# Assignment
Leave every picture out and give back the lines below from the first through the line that holds "Cadorabo Hülle kompatibel", exactly as written.

(Scraped caption text data)
--
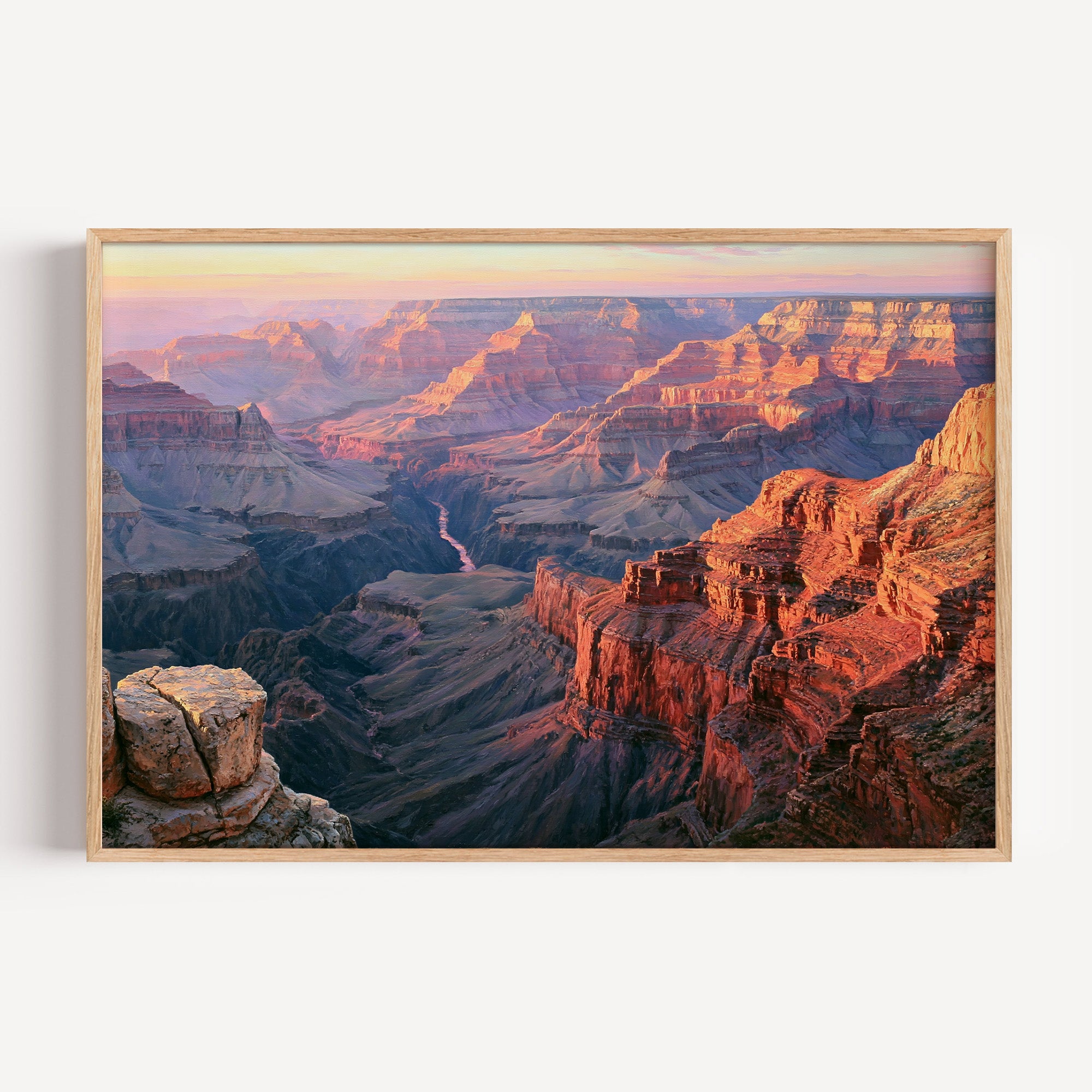 Grand Canyon National Park classical oil painting print in an oak frame: sunrise across the canyon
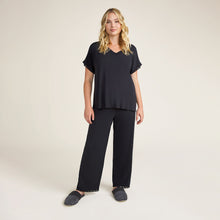 Luxe Milk Jersey Short Sleeve V-Neck Pj Set | Black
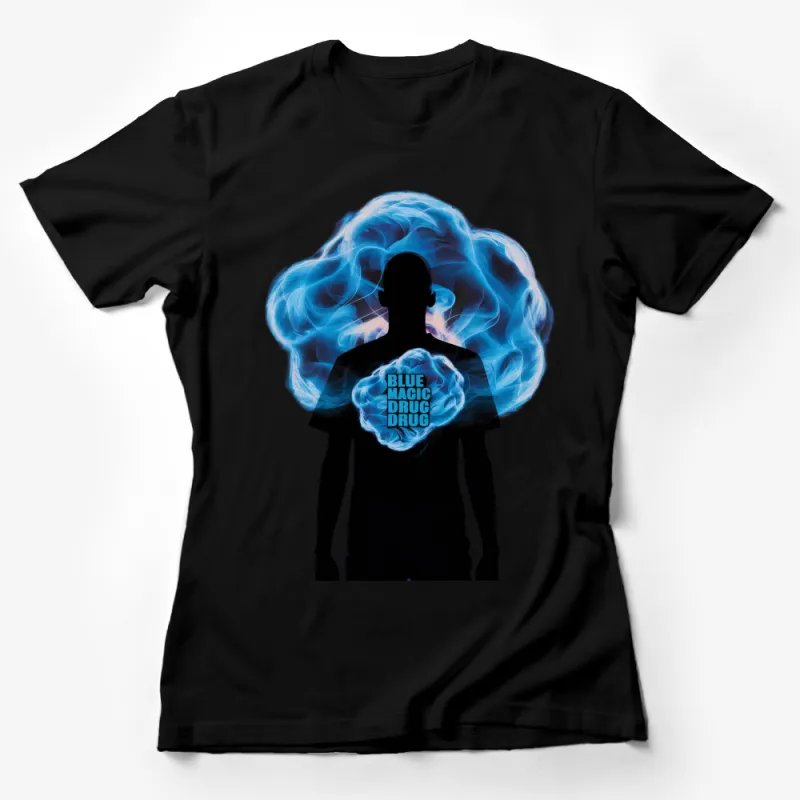 Blue Magic Drug Graphic Tee, Unique Blue Smoke Design, Bold Statement Fashion T-Shirt Female T-Shirt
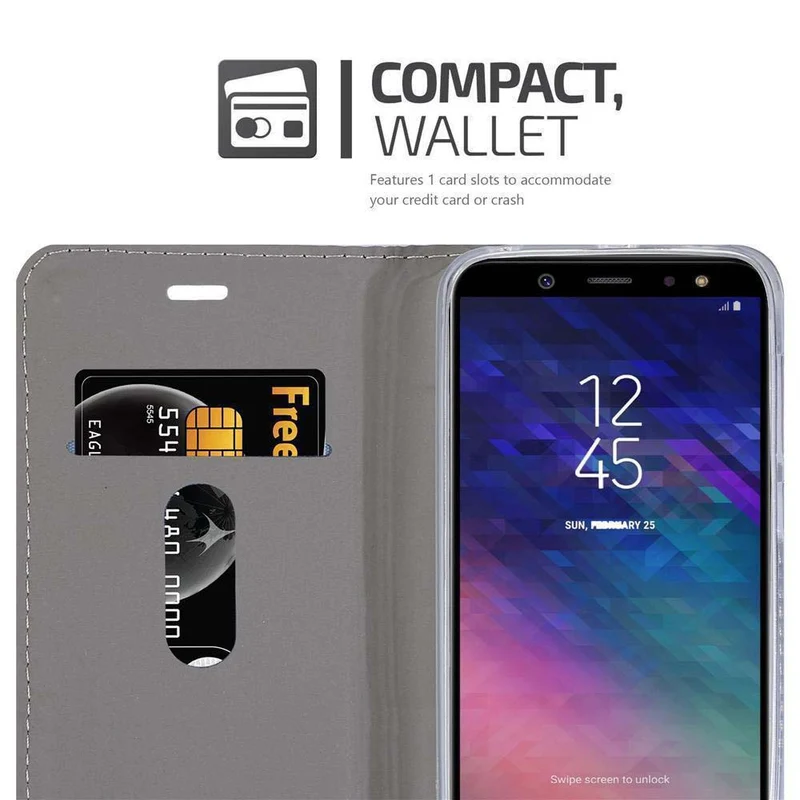 Cadorabo Hülle kompatibel mit Samsung Galaxy J6 2018 Schutzhülle mit Magnetverschluss, Standfunktion und Kartenfach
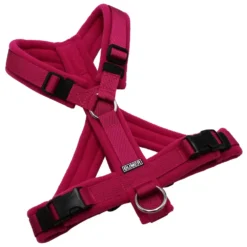 BUMER Hundegeschirr, Gurtband: PREMIUM Fuchsia Flare, Fleece: Berry Noir, gepolstert mit geteiltem Bruststeg, Größe S, Ringe: silberfarbig (Edelstahl), Schnallen: schwarz (DURAFLEX®)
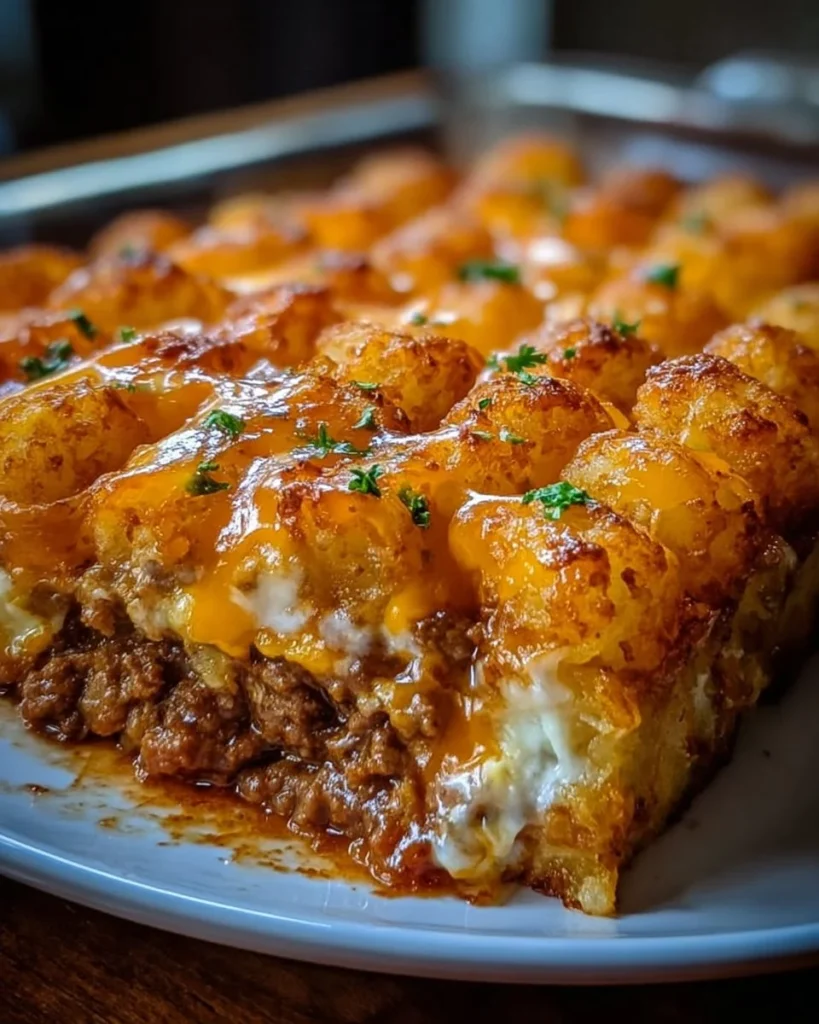 Delicious Chili Cheese Tater Tot Casserole topped with cheese and chili
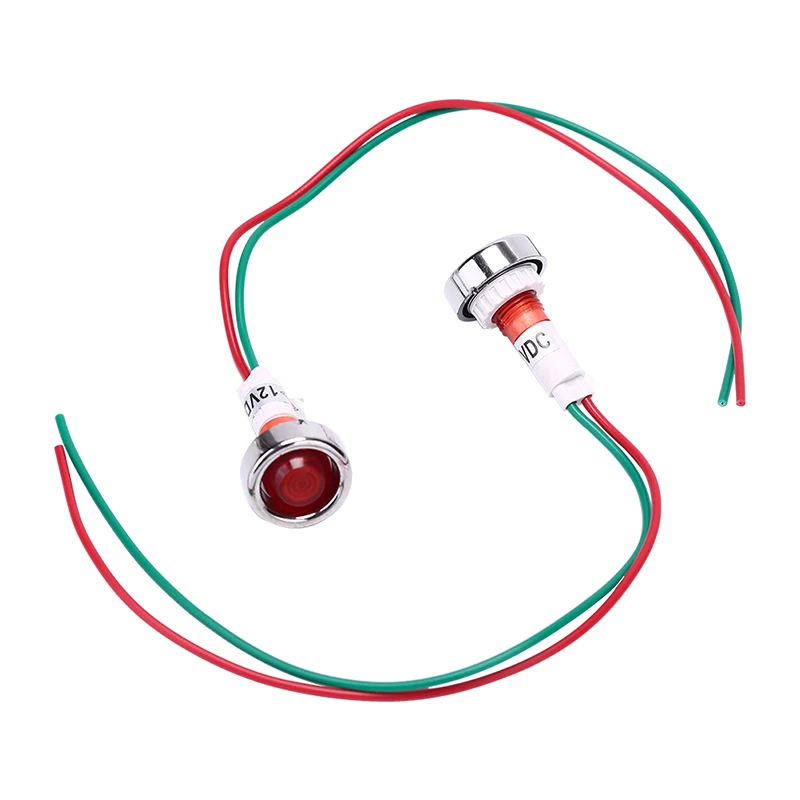 

1/10pcs Car Boat 12V 10mm LED Indicator Light Pilot Dashboard Panel Warning Lamp Wired IP 45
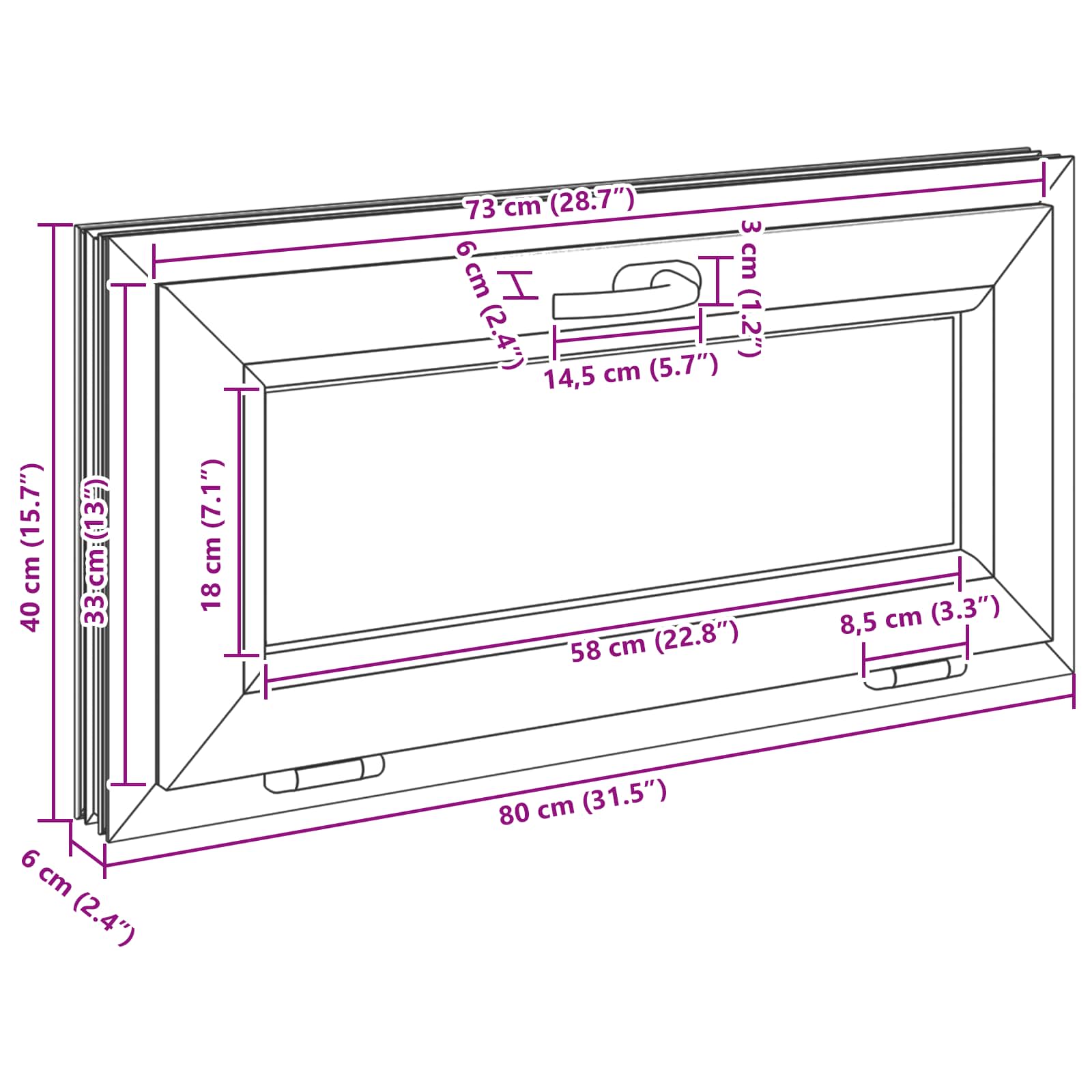 Prozor za podrum RISOR 80 x 40 cm PVC i staklo Antracit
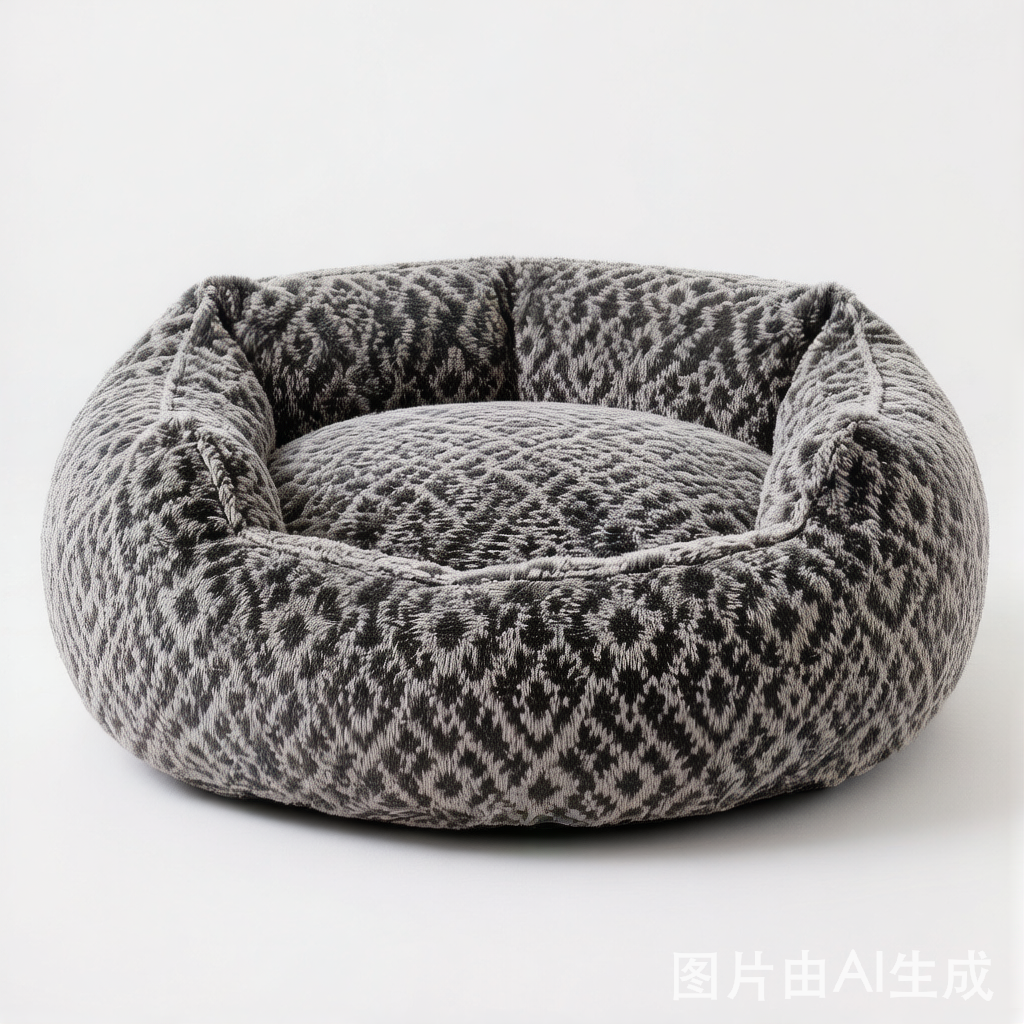 Plush Color-Blocked Creative Bolster Pet Bed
--
# Response area
 Grand Canyon National Park classical oil painting print in an oak frame: sunrise across the canyon
 Luxe Milk Jersey Short Sleeve V-Neck Pj Set | Black
 Blue Magic Drug Graphic Tee, Unique Blue Smoke Design, Bold Statement Fashion T-Shirt Female T-Shirt
 Cadorabo Hülle kompatibel mit Samsung Galaxy J6 2018 Schutzhülle mit Magnetverschluss, Standfunktion und Kartenfach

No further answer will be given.